Task objective> The answer is a number and nothing else: the count of lines in these entries containing the word "next".

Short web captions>
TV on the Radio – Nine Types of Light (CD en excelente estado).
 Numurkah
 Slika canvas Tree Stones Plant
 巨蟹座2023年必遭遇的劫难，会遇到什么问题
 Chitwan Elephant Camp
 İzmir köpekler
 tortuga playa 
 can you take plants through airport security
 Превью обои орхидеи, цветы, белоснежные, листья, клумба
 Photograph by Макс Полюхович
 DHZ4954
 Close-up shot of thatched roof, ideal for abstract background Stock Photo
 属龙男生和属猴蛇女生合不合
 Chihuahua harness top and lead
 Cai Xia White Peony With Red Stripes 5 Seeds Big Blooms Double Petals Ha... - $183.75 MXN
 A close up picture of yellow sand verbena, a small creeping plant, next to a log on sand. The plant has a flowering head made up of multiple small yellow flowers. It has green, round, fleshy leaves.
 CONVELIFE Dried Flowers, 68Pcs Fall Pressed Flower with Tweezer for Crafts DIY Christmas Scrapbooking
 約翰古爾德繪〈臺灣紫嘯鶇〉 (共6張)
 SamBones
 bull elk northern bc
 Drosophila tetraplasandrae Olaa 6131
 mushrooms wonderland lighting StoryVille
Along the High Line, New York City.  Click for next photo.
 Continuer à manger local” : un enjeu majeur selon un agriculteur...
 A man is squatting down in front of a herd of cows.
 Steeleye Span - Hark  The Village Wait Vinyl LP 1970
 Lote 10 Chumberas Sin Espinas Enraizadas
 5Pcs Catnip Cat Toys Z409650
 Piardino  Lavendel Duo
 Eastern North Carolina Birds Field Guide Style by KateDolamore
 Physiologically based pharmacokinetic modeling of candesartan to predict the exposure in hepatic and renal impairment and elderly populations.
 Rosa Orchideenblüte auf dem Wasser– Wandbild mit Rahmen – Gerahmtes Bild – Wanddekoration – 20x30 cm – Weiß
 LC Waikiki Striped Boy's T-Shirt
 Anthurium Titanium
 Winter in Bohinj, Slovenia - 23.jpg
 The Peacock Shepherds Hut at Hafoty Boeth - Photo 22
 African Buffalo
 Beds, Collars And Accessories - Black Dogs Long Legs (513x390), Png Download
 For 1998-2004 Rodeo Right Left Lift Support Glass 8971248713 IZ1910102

Problem solution> 2